Dopo l’iniziale dimostrazione di efficacia dei medicinali, le due aziende si divideranno equamente i costi di sviluppo per i farmaci messi a punto per la cura della cardiomiopatia ipertrofica, mentre Sanofi si farà carico dei costi di sviluppo dei farmaci contro la cardiomiopatia dilatativa.

In base all’accordo, MyoKardia guiderà le attività di ricerca e sviluppo a livello mondiale attraverso i primi studi di efficacia condotti sull’uomo. Successivamente, la stessa società guiderà lo sviluppo a livello mondiale e le attività commerciali negli Stati Uniti dei farmaci per la cardiomiopatia ipertrofica e Sanofi guiderà le attività di sviluppo e commerciali dei farmaci per la cardiomiopatia dilatativa, per i quali ha ottenuto i diritti globali, e le attività commerciali e regolatorie al di fuori degli Stati Uniti per i farmaci contro la cardiomiopatia ipertrofica, per i quali ha ottenuto i diritti di commercializzazione al di fuori degli Stati Uniti.

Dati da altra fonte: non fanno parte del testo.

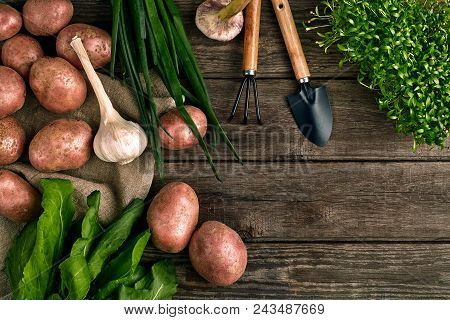 Gardening Tools And Fresh Vegetables Over Wooden Background. Potatoes, Garlic, Green Onions And Sorr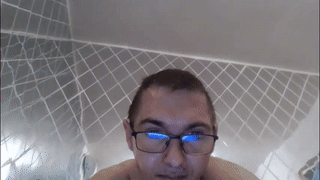 north_stallion animated gif teaser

Sanofi avrà anche la possibilità di co-promuovere i farmaci per la cardiomiopatia ipertrofica negli Stati Uniti per altre indicazioni rispetto a quelle iniziali e MyoKardia avrà la possibilità di co-promuovere negli Stati Uniti i farmaci per la cardiomiopatia dilatativa per altre indicazioni rispetto a quelle iniziali.

L’affare fa parte dell’iniziativa “Sanofi's Sunrise” che prevede investimenti per lo sviluppo di farmaci ancora in fase iniziale, che rappresentano un’opportunità di crescita per l’azienda.

MyoKardia è una società con sede a San Francisco, nata nel 2012 da un gruppo di ricercatori che operavano nel campo delle alterazioni genetiche associate a cardiomiopatie. L’azienda ha l’obiettivo di sviluppare farmaci mirati contro le alterazioni del genoma che causano un malfunzionamento del muscolo miocardico.